#### [WHAT THE TASK ASKS]
Each line below from the line with "Jean Claude Mahey" to the line with "美品!!AKRIS アクリス トートバッグ 2WAY 袋あり C28-35_画像6" must be copied exactly, including those two, and no picture may appear in the copy.

(SOURCE INFORMATION)

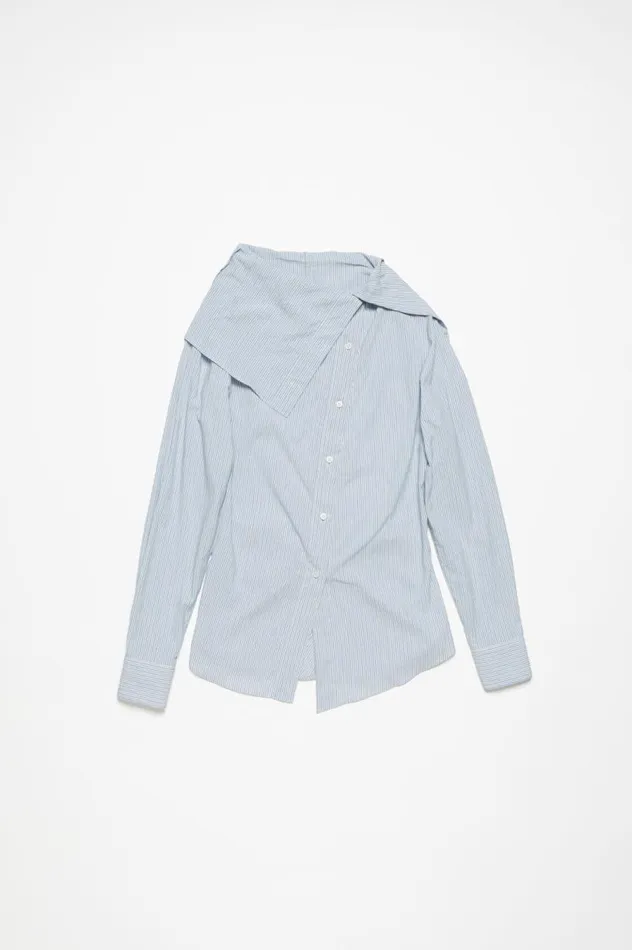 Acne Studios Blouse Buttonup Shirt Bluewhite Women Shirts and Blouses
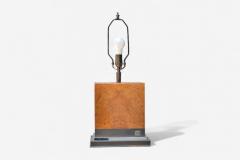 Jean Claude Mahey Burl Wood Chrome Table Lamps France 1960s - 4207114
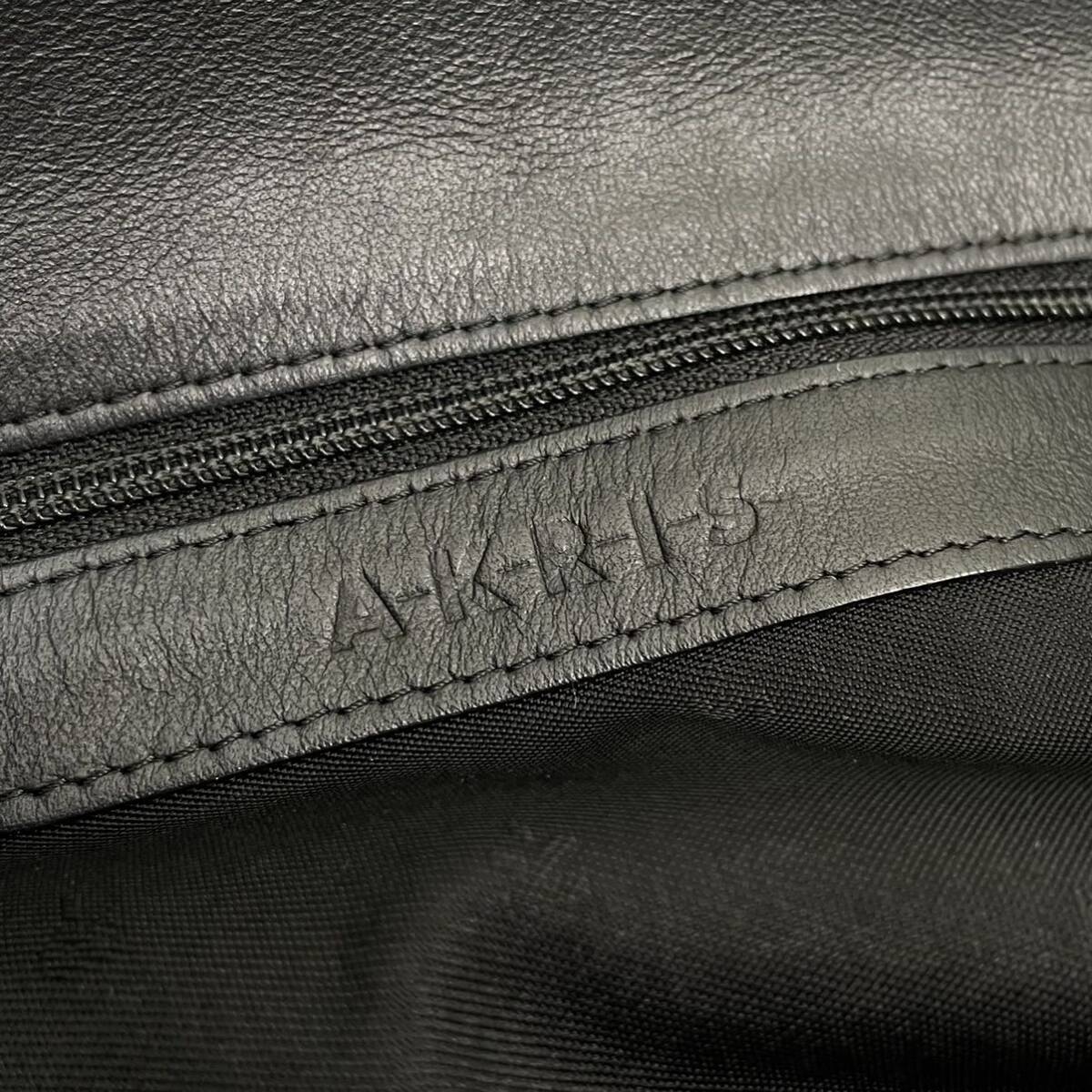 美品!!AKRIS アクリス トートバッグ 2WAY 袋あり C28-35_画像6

(End SOURCE INFORMATION)
(SOURCE INFORMATION)

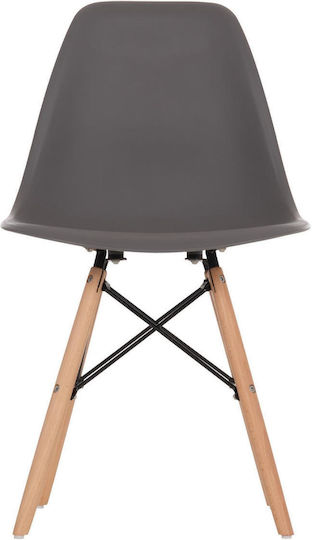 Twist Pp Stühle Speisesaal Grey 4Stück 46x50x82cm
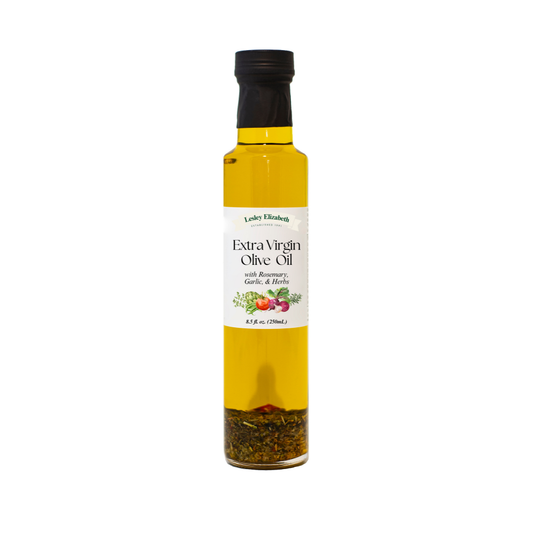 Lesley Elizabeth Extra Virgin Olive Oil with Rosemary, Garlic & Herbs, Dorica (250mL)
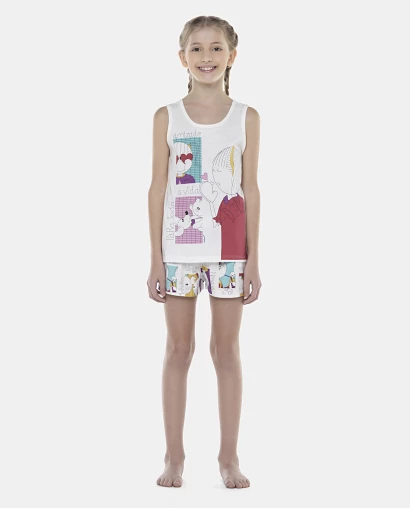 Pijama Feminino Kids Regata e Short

(End SOURCE INFORMATION)

#### [SOLVED EXERCISE]
 Jean Claude Mahey Burl Wood Chrome Table Lamps France 1960s - 4207114
 美品!!AKRIS アクリス トートバッグ 2WAY 袋あり C28-35_画像6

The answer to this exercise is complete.